Research Study Groups:
This trial has the following groups:- Group 1: Stage 1: Atezolizumab + Bevacizumab + ADG126
- Group 2: Stage 1: Atezolizumab + Bevacizumab + TPST-1120
- Group 3: Stage 1: RO7247669 2100 mg Q2W + Bevacizumab
- Group 4: Stage 1: RO7247669 600 mg Q3W + Bevacizumab
- Group 5: Stage 1: RO7247669 1200 mg Q3W + Bevacizumab
- Group 6: Stage 1: Atezolizumab + Bevacizumab
- Group 7: Stage 1: Atezolizumab + Bevacizumab + Tiragolumab
- Group 8: Stage 1: Atezolizumab + Bevacizumab + Tocilizumab
Awards:
This trial has 1 awards, including:- No Placebo-Only Group - All patients enrolled in this study will receive some form of active treatment.
Timeline:
This trial has the following timeline:- Screening: It may take up to 3 Weeks to process to see if you qualify in this trial.

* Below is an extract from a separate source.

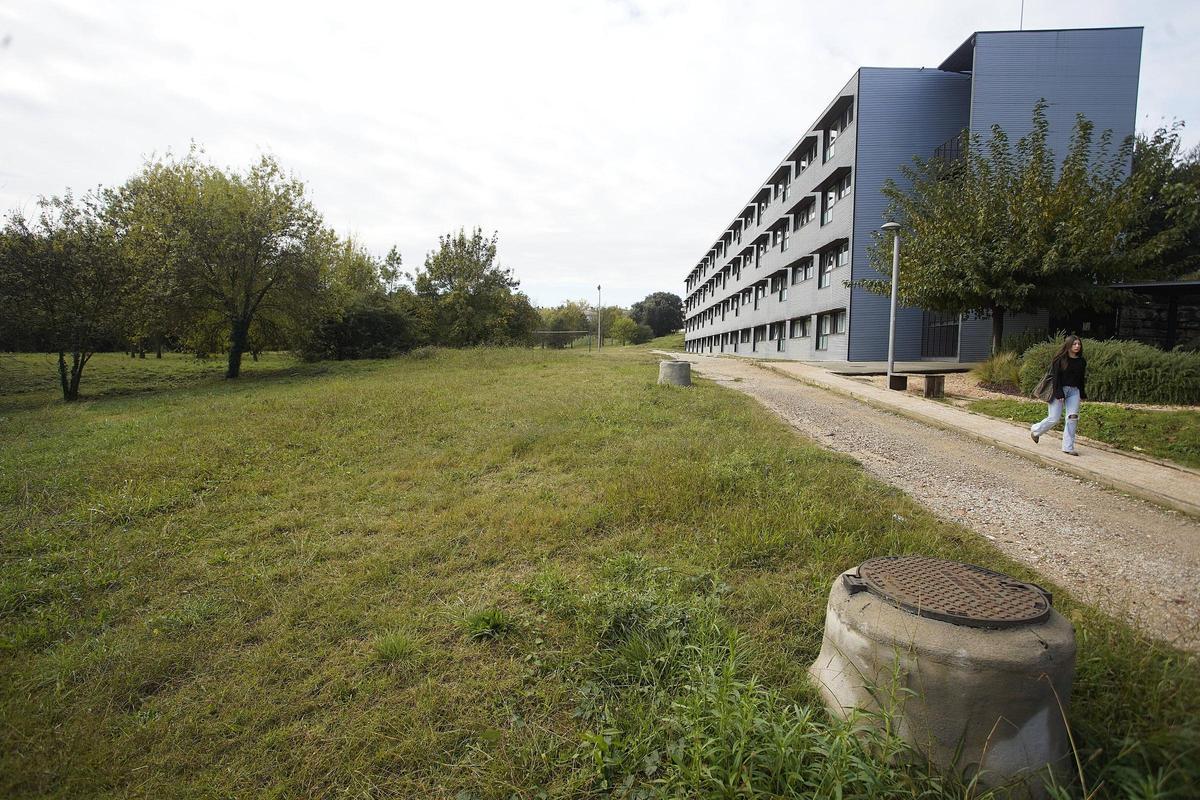 El solar on s’ha de construir la nova residència de la UdG.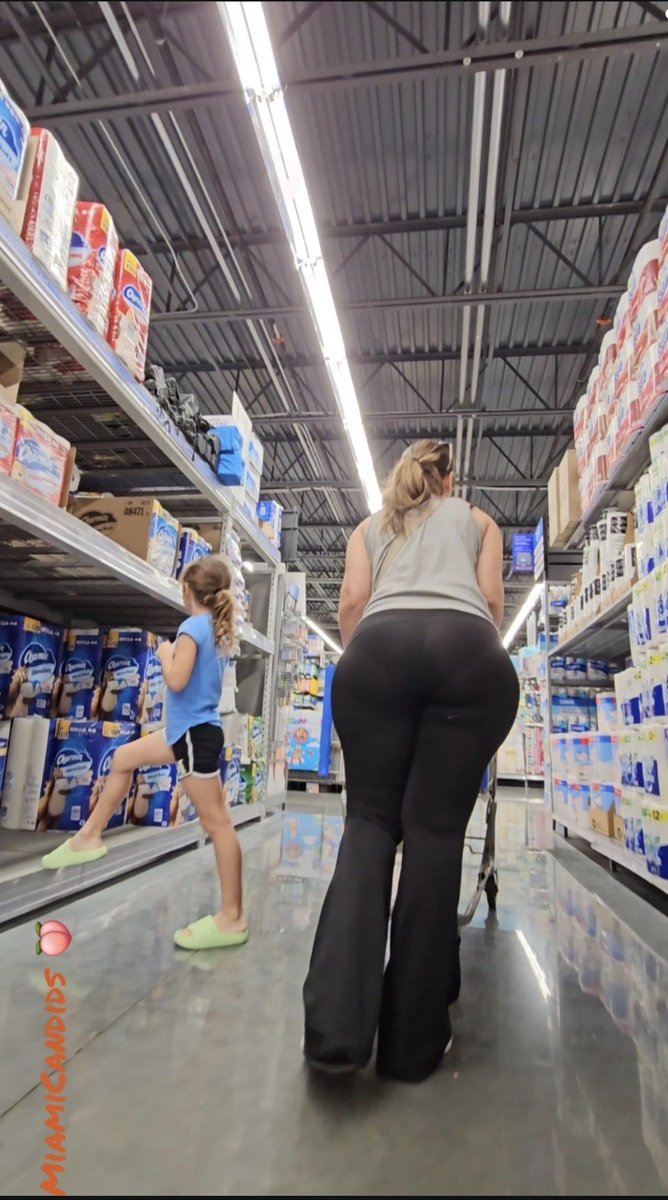 johnwohn_'s tweet photo. #creepfilm #wata #chudai see thru leggings are the best🤤 https://t.co/1GZwTaaj9w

- Treatment: The duration you will receive the treatment varies.
- Follow Ups: You may be asked to continue sharing information regarding the trial for 6 Months after you stop receiving the treatment.
Liver Cancer Patient Testimony for trial: Trial Name: NCT04524871 — Phase 1 & 2
Frequently Asked Questions
These questions and answers are submitted by anonymous patients, and have not been verified by our internal team.
What therapeutic purposes is RO7247669 typically employed for?
"RO7247669 is a commonly used medication for recurrent platinum-resistant epithelial ovarian cancer. This drug may also be beneficial when treating systemic juvenile idiopathic arthritis (sjia), malignant neoplasms, and recurrent platinum sensitive primary peritoneal cancer."
Answered by AI
To what extent has RO7247669 been examined in earlier research?
"Presently, 681 clinical trials are underway in order to explore the effects of RO7247669. Of those studies, 150 have progressed beyond Phase 2 and into the third phase of research. Although based out of Taibei, Taiwan, 32945 locations across the world are running investigations on this particular treatment."
Answered by AI
How many health care centers are currently conducting this trial?
"There are 9 clinical trial sites recruiting patients, such as The University of Texas Southwestern Medical Center at Dallas in Dallas, Smilow Cancer Hospital at Yale New Haven in New Haven, and Sarah Cannon Research Institute in Nashville. Additionally, there are 6 other centers enrolling participants."
Answered by AI
How many individuals have enrolled in this research endeavor?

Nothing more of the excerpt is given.